Erfahrungen innerhalb akademischer Szenen haben die Berliner genug gesammelt, letztes Jahr erst präsentierten sie in der Parochialkirche in Mitte ein Aufführungswerk für den DAAD mit dem Titel „Mille Tableaux: 50 Jahre Musique Concrete“. Dort haben sie das für sie Interessanteste des Klangmaterials in den Rechner gesteckt und filettiert, sozusagen die „schönsten Momente“ herausdestilliert, diese dann auf 7 CDs gebrannt und damit ein im Raum verteiltes Boxensystem beschallt. Dies war eine notwendige Dekonstruktion einer klassischen Tradition, das Ziel von „Monolake“ aber ist ein anderes. „Was wir mit unserer Musik erreichen wollen, ist: dass man ihr mehrere Stufen an Aufmerksamkeit entgegenbringen kann. Das Ziel ist eine Musik, die nebenbei hörbar ist, die aber auch nach dem zwanzigsten intensiven Hören etwas neues bringen kann – das ist die Idealvorstellung“, sagt Robert, und bringt damit exakt die Wirkungsweise von „Interstate“ auf den Punkt. Das Wichtige, egal ob beim Produzieren, Livespielen oder beim DJen, ist immer der Versuch, eine Gesamtatmosphäre zu schaffen, die funktioniert. Ein Zuviel an Harmonie wird auf Dauer unerträglich, und das ist es ja auch, was den „normalen“ kadenzbasierten Ambient zb. nach einer Weile so anstrengend macht. Irgendwann fordert sich der Bruch selber ein. Und dann muss man wieder zusammenschneiden.
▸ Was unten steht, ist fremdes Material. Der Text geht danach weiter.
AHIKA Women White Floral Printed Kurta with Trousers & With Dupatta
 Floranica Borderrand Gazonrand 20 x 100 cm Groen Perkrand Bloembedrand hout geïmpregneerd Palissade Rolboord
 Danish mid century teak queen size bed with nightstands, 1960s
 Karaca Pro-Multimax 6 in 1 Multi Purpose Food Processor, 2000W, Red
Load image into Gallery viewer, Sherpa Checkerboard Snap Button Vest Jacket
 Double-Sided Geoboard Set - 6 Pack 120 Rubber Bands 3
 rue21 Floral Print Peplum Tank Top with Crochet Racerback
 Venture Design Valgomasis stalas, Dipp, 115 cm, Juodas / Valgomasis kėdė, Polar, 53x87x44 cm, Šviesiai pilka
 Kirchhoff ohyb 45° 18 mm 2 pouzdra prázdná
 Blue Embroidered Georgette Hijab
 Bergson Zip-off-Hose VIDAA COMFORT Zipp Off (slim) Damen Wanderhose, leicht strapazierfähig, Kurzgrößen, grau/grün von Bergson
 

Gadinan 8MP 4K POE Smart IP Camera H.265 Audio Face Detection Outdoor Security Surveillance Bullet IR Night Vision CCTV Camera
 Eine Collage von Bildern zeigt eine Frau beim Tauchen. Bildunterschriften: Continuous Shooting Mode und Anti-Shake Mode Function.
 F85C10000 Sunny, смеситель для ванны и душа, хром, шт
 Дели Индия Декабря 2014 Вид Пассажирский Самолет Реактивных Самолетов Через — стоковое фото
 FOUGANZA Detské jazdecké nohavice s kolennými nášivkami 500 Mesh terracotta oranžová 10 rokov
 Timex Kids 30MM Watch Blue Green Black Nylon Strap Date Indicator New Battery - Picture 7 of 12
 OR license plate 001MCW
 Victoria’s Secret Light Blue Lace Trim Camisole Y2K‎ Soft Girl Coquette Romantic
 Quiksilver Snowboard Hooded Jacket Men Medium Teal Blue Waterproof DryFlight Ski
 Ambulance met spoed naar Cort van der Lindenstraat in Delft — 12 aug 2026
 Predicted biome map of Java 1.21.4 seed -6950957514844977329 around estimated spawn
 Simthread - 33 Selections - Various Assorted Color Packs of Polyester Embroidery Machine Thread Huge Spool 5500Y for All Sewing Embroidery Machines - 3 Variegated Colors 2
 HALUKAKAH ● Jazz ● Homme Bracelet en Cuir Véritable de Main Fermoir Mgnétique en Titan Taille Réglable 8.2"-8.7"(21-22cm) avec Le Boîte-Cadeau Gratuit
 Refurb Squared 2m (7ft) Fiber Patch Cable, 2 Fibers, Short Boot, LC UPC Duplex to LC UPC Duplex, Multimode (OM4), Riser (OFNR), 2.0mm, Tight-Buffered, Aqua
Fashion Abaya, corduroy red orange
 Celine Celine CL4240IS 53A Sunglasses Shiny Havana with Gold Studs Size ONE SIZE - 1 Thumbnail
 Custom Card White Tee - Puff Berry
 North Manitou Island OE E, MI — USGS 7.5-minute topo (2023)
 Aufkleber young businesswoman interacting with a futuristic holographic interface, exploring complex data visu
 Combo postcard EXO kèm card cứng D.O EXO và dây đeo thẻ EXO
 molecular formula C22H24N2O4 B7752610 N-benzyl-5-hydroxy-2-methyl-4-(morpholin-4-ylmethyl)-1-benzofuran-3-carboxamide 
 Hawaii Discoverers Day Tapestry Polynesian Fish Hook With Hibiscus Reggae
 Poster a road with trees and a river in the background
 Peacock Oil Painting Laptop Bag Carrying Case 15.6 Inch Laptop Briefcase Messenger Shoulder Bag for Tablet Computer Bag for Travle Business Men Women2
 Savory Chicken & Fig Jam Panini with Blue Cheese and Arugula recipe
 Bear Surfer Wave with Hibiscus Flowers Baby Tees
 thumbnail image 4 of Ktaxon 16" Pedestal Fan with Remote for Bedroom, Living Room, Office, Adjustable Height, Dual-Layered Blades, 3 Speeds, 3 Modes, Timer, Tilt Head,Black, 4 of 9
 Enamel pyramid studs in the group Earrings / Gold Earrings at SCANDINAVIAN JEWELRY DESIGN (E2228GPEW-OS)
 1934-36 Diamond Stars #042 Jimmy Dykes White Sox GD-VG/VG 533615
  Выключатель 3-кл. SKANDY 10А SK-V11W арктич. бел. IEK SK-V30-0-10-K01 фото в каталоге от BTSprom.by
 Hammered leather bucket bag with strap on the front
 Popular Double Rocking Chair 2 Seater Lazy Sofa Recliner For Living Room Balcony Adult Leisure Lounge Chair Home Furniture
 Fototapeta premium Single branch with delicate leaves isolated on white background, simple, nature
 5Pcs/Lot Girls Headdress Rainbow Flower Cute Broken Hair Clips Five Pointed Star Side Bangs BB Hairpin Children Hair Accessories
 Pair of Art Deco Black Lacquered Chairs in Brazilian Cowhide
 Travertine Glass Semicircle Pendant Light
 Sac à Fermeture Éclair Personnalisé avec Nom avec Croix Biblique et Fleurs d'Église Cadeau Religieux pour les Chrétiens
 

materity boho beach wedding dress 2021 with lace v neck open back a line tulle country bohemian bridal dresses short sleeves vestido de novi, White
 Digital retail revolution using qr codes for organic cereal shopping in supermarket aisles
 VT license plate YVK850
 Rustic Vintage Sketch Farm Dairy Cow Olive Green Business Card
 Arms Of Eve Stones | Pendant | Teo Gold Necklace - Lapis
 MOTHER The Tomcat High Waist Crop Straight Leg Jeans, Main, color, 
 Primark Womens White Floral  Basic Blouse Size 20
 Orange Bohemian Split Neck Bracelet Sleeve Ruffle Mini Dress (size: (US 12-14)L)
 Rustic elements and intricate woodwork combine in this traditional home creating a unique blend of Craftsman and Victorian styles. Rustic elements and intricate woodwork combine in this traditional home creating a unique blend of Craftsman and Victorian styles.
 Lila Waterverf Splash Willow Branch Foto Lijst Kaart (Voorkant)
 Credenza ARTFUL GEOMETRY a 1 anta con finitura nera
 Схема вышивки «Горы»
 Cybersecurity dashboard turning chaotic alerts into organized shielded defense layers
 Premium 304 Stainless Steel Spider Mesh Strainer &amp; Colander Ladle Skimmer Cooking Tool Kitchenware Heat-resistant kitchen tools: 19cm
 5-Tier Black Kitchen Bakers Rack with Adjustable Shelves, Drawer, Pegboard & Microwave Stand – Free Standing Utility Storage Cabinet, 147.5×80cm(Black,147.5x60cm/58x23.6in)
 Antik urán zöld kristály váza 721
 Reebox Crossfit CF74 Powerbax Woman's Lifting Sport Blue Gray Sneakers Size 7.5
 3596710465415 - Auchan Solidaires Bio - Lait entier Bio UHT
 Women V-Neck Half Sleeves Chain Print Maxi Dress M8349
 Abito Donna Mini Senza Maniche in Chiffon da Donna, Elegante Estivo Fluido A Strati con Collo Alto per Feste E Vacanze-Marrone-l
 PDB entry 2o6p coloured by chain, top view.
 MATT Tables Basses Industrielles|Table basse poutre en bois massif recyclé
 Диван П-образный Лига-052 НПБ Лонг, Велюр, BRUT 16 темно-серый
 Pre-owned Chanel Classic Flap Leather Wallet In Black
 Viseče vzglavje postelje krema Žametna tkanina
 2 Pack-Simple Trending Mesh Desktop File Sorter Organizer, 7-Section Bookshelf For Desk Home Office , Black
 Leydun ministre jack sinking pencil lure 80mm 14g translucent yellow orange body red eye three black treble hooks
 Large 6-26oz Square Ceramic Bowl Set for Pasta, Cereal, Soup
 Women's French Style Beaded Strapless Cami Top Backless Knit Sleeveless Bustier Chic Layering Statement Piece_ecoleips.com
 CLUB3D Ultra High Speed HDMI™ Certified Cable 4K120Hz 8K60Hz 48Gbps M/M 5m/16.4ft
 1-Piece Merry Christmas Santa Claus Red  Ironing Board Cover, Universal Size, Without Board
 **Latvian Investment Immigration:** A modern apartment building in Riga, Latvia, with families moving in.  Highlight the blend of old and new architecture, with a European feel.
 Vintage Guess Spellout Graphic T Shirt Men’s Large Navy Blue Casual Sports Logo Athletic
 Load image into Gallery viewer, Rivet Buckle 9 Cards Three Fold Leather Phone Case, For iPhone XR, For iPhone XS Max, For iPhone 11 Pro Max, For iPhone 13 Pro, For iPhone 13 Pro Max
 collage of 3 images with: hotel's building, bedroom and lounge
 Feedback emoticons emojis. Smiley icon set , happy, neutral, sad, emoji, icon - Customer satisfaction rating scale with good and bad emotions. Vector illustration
Dieser Punkt ist für die Organisation des Tonmaterials von „Monolake“ besonders wichtig. In ihrer Musik gibt es einen relativ langen Moment der Vorbereitung, in dem vom späteren Tonkonstrukt noch keinerlei klare Vorstellung existiert. Man schreibt vielleicht ein Programm, das eine bestimmte Art von Struktur erzeugt, oder mit dem man Klänge finden und manipulieren kann. Irgendwann ist dann der Punkt erreicht, an dem deutlich wird, dass man anfangen kann, das Material zusammenzufassen. Und die Kunst ist, den richtigen Moment zu erfassen, an dem das Material zusammenläuft. Was „Monolake“ sehr vorangebracht hat, war das Schreiben und Erstellen eines eigenen Softwaresequenzers, mit dem die Rythmen auf „Interstate“ programmiert worden sind. „Er trifft genau unsere Rythmik. Wir haben einige logische Feinheiten eingebaut, welche die Permutation von Rythmen ermöglichen. Die Maschine spielt sie für uns ein, trotzdem sind sie kontrollierbar.“ Den reinen Aufnahmeprozess im Studio kann man sich wie eine Improvisation vorstellen: das Band läuft mit, und die Musik wird zu einer endlosen Sosse mit genau den Problemen einer jeden Live-Improvisation: tolle Stellen, quälende Stellen, Unfunktionales und dann die einmaligen Highlights. Der Vorteil einer Improvisation ist, so Robert, sich die Chance offenzuhalten, zu neuen Dingen zu kommen. Für ihn bedeutet dieser Prozess eine Kombination aus extremer Präzision und gleichzeitig der Freiheit, sich gehen lassen zu können und in einen Fluss zu kommen. Und da ist Improvisation als Mittel zum Erkenntnisgewinn ganz essentiell. Die Form des Tracks entsteht dann beim cutten. „Das Schneiden dauert sehr lange, da wir häufig an jedem Detail basteln. So wird die Musik Schritt für Schritt veredelt, im Grunde ist das ein Destillationsprozess.“ Das überraschende, so Robert, ist bei einer späteren Sicht und Analyse, dass am Ende häufig ganz klassische Songstrukturen herauskommen. Auch wenn man eigentlich Melodien vermeiden will und emotionale Zustände auf eine andere Art herzustellen versucht, ist es eine lustige Erkenntnis, dass sich letztlich trotz anderer Arbeitsweisen wieder dieselben Universalien herausbilden.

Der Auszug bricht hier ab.